-- Task requirements --
From the line below that contains "Great Lakes Water Authority" to the line that contains "2001 Toyota Soarer", repeat every line exactly, both ends included, and nothing else.

-- The data --

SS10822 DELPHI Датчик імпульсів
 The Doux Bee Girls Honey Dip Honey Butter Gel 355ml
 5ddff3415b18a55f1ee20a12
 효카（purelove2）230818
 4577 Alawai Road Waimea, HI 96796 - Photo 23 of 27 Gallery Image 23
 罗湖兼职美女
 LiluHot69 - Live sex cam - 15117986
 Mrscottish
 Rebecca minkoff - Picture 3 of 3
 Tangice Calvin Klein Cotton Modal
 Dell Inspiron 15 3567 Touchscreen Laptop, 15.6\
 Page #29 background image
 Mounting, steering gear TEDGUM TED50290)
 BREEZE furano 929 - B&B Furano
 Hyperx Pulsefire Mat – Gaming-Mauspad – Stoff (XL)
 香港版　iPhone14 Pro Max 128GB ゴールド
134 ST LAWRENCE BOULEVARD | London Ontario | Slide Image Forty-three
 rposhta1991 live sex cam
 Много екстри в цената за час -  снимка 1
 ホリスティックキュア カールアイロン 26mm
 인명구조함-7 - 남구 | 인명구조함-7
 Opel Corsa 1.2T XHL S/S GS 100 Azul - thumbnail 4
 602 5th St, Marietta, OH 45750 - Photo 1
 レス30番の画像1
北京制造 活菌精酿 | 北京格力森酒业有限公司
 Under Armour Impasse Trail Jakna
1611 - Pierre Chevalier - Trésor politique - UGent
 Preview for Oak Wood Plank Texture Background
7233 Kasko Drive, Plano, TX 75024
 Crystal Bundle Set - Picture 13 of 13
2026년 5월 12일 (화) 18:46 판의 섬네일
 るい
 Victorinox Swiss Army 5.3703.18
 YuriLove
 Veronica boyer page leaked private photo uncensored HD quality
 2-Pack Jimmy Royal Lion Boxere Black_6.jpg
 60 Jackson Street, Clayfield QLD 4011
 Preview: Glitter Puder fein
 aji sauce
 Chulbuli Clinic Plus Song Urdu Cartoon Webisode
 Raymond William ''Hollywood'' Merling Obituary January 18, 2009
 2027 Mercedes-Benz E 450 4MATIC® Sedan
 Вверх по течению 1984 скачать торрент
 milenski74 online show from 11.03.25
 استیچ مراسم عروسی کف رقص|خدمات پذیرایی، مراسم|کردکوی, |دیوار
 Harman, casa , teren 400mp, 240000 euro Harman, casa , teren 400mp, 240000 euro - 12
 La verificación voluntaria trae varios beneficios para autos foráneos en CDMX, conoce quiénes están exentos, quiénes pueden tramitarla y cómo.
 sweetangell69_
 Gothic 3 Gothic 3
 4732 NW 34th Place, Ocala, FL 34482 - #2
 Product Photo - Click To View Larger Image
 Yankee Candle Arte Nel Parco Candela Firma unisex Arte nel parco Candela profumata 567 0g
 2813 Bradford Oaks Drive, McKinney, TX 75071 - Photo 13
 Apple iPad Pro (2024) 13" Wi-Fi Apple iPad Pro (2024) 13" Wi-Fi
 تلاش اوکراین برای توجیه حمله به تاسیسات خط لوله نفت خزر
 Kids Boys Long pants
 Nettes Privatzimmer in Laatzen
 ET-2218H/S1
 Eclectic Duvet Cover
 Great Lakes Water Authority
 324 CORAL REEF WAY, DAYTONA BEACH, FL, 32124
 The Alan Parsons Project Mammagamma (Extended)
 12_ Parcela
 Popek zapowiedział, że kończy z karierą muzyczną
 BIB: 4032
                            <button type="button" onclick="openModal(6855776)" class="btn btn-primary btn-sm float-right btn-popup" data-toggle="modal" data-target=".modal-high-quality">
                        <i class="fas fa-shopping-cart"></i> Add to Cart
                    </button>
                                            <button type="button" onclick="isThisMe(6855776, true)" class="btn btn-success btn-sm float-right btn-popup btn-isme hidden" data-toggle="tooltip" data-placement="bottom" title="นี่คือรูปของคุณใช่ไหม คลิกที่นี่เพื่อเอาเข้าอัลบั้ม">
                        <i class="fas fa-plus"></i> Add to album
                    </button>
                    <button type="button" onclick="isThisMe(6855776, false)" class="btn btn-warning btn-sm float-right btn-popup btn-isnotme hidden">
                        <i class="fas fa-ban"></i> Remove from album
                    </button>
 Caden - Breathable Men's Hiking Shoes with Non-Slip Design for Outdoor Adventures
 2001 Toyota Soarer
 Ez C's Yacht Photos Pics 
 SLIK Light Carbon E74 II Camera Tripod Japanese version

-- Response to the task --
 Great Lakes Water Authority
 324 CORAL REEF WAY, DAYTONA BEACH, FL, 32124
 The Alan Parsons Project Mammagamma (Extended)
 12_ Parcela
 Popek zapowiedział, że kończy z karierą muzyczną
 BIB: 4032
                            <button type="button" onclick="openModal(6855776)" class="btn btn-primary btn-sm float-right btn-popup" data-toggle="modal" data-target=".modal-high-quality">
                        <i class="fas fa-shopping-cart"></i> Add to Cart
                    </button>
                                            <button type="button" onclick="isThisMe(6855776, true)" class="btn btn-success btn-sm float-right btn-popup btn-isme hidden" data-toggle="tooltip" data-placement="bottom" title="นี่คือรูปของคุณใช่ไหม คลิกที่นี่เพื่อเอาเข้าอัลบั้ม">
                        <i class="fas fa-plus"></i> Add to album
                    </button>
                    <button type="button" onclick="isThisMe(6855776, false)" class="btn btn-warning btn-sm float-right btn-popup btn-isnotme hidden">
                        <i class="fas fa-ban"></i> Remove from album
                    </button>
 Caden - Breathable Men's Hiking Shoes with Non-Slip Design for Outdoor Adventures
 2001 Toyota Soarer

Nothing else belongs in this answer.